Formerly the view from the heights of Chatham Hill must have been a splendid one, with the broad Medway and its vast marshlands stretching away for miles across to the wooded uplands of Hoo. Now it appears almost as if a large chunk of the crowded London streets had been lifted bodily and dropped down to blot out the beauties of the scene, for there is little other to be seen than squalid buildings huddled together in mean streets, with just here and there a great chimney-stack to break the monotony of the countless roofs.

The dockyard at Chatham is much the same as any other dockyard, and calls for no special description. From its slips have been launched many brave battleships, right down from the days of Elizabeth to our own times.
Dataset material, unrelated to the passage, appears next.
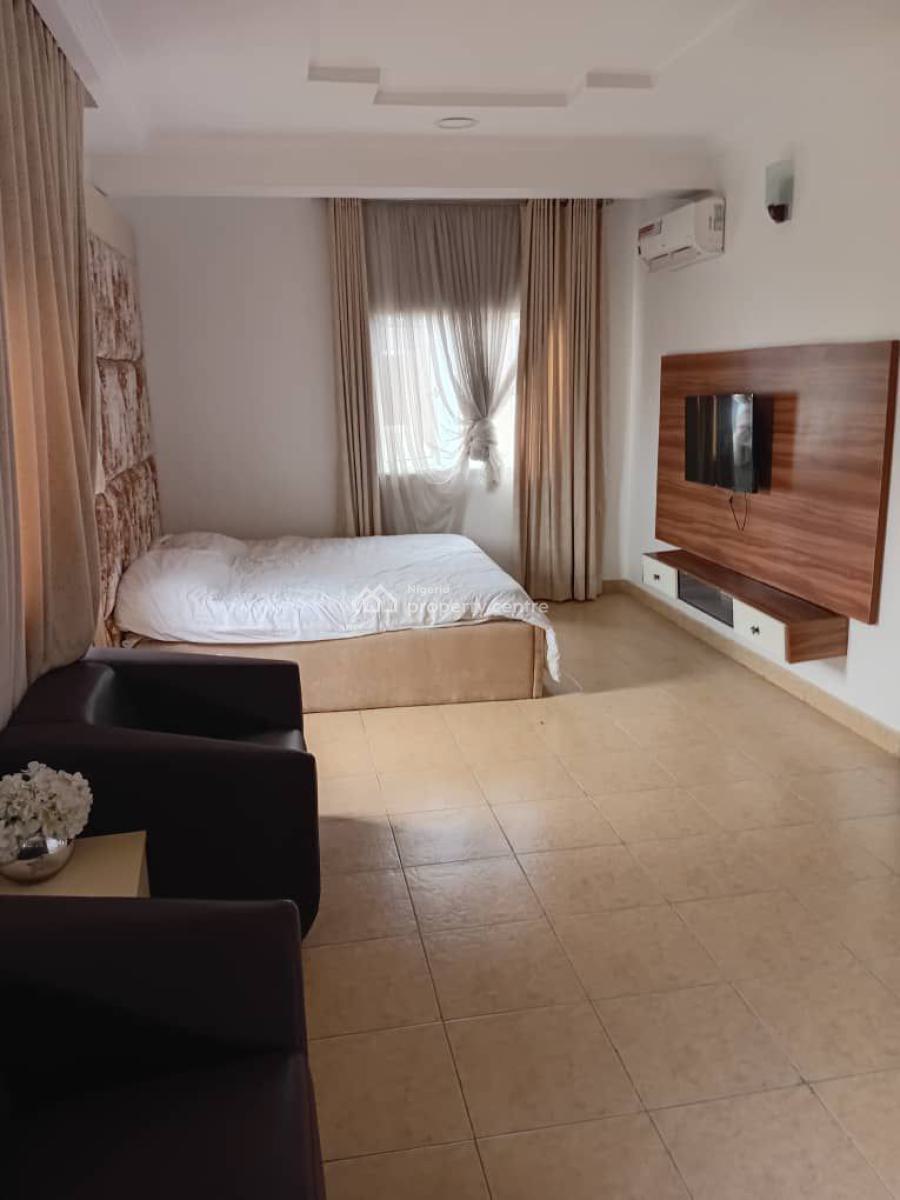 Clean 4bedroom Terrace Duplex with Bq in a Secured Estate, Lekki Right, Lekki Phase 1, Lekki, Lagos, Terraced Duplex for Sale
Here at all seasons may be seen cruisers, battleships, destroyers, naval craft of all sorts, dry docked for refitting. All day long the air resounds to the noise of the automatic riveter, and the various sounds peculiar to a shipbuilding area.

For many years the dockyard was associated with the name of Pett, a name famous in naval matters, and it was on one member of the family, Peter Pett, commissioner at Chatham, that most of the blame for the unhappy De Ruyter catastrophe most unjustly fell. Somebody had to be the scapegoat for all the higher failures, and poor Pett went to the Tower. But not all people agreed with the choice, as we may see from these satirical lines which were very popular at the time:

“All our miscarriages on Pett must fall;

His name alone seems fit to answer all.

Whose Counsel first did this mad War beget?

Who would not follow when the Dutch were bet?

Who to supply with Powder did forget

Languard, Sheerness, Gravesend and Upnor? Pett.